Question

I need some statistics help (this question got deleted)

A researcher hypothesizes that zylex, a new antidepressant, will affect concentration. It is known that scores on a standardized concentration test is normally distributed with a μ= 50 and a σ= 12. A random sample of n=16 participants, aged 19-35, are chosen from the State of New Jersey. The sample is put on a six month dosage plan of zylex. After six months, all the participants are given a standardized concentration test. The researcher records the data and calculates a sample mean of M=56. Are the data sufficient to conclude that the drug, zylex, does have an effect on concentration?

Based on the above research scenario, please answer the following questions:

1. Name the population: ____________________________________

2. Name the sample: _______________________________

3. What is the independent variable? ________________

4. What is the dependent variable? _

_______________________

5. What is the appropriate hypothesis test? __________________

6. What two means are you comparing in this test? ____________________________

7. Please calculate the appropriate hypothesis test using all four steps:

Step 1:

Step 2:

Step 3:

Step 4: _______________________________

Write the statistical statement for your results: __________________________________

Interpret your results (relating back to the hypothesis): _____________________________________________________________________________ _____________________________________________________________________________ _____________________________________________________________________________

Is there a probability of Type I error? Yes ______ No ______ If yes, what is the probability of a Type I error? ________

Is yes, how could you have decreased that probability? __________________________________

Is there a probability of Type II error?
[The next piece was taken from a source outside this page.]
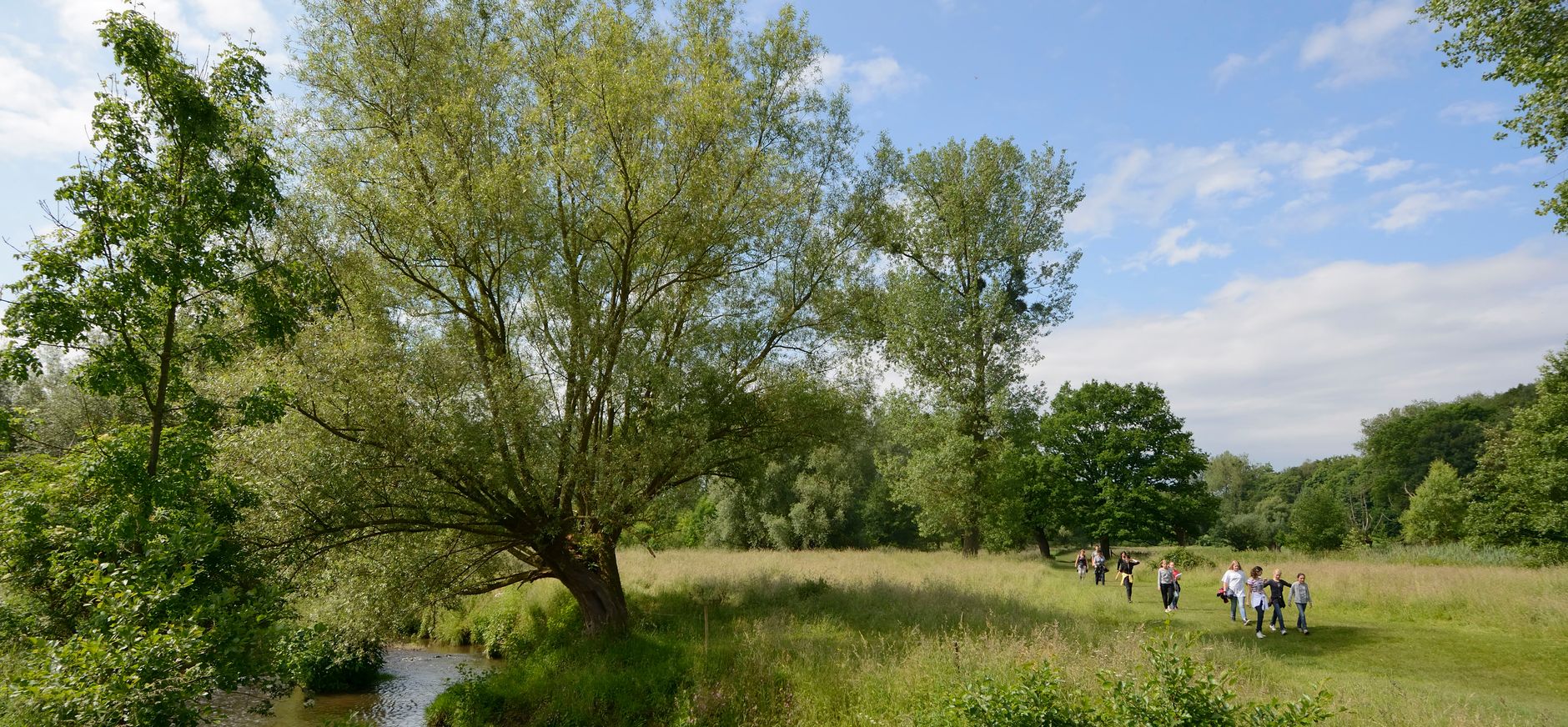 Wandelen langs rivier de Geul in het Geuldal Zuid-Limburg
Yes____ _ No______

If it is appropriate, please calculate effect size: Answer:________

Answer 1

please us the answer below!

1. The population is all participants aged 19-35 who may take zylex.
2. The sample is the 16 participants from New Jersey who took zylex.
3. The independent variable is the dosage plan of zylex.
4. The dependent variable is the standardized concentration test score.
5. The appropriate hypothesis test is a one-sample t-test.
6. The two means being compared are the population mean (μ=50) and the sample mean (M=56).
7.
Step 1: State the null hypothesis and the alternative hypothesis.
Null hypothesis: The six-month dosage plan of zylex has no effect on concentration. μ = 50
Alternative hypothesis: The six-month dosage plan of zylex has an effect on concentration. μ ≠ 50

Step 2: Determine the level of significance (α).
Assuming a 95% confidence level, α = 0.05

Step 3: Determine the test statistic and p-value.
Using a t-distribution with 15 degrees of freedom (n-1), the critical values for a two-tailed test at α = 0.05 are t = ±2.131. The sample mean is M=56, the population mean is μ=50, and the standard deviation is σ=12. The standard error is calculated as σ/√n = 3.0. The t-value is (56-50)/3.0 = 2.0. The p-value for a two-tailed test with t=2.0 and 15 degrees of freedom is approximately 0.06.
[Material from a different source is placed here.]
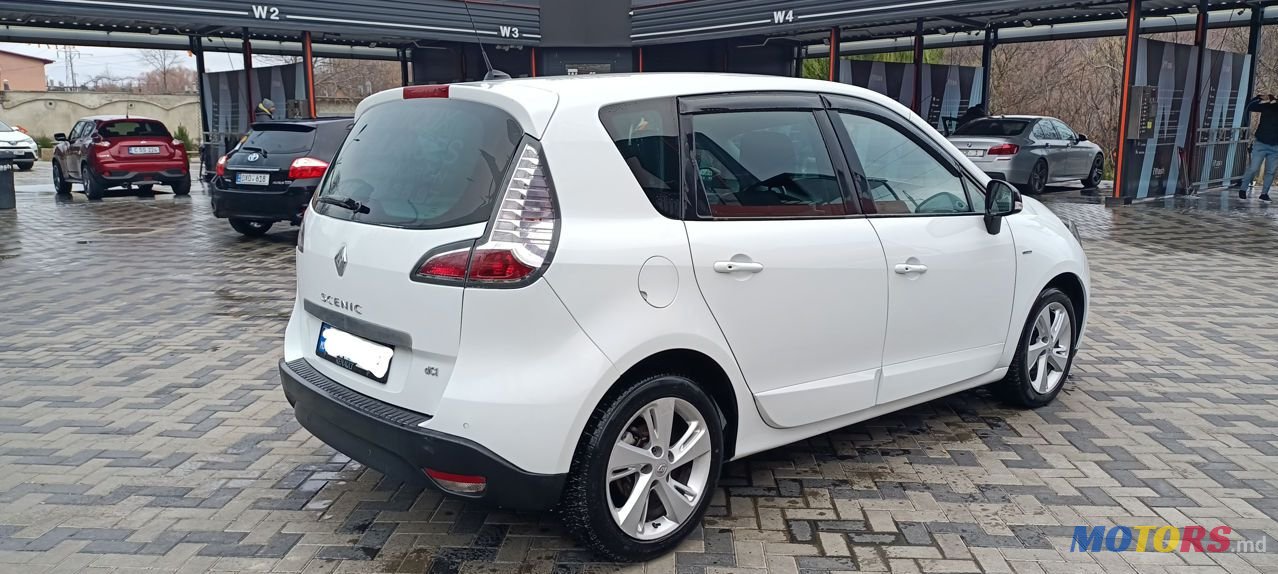 2015' Renault Scenic photo #6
Step 4: Make a decision and interpret the results.
Since the calculated t-value of 2.0 does not fall outside the critical values of ±2.131, we fail to reject the null hypothesis. The p-value of 0.06 is greater than the level of significance of 0.05. Therefore, we cannot conclude that zylex has an effect on concentration based on this sample.

The statistical statement for the results is: t(15) = 2.0, p > 0.05.

There is a probability of Type I error, which is the probability of rejecting the null hypothesis when it is actually true. The probability of Type I error is equal to α, which is 0.05 in this case. To decrease the probability of Type I error, we could decrease the level of significance or increase the sample size.

There is also a probability of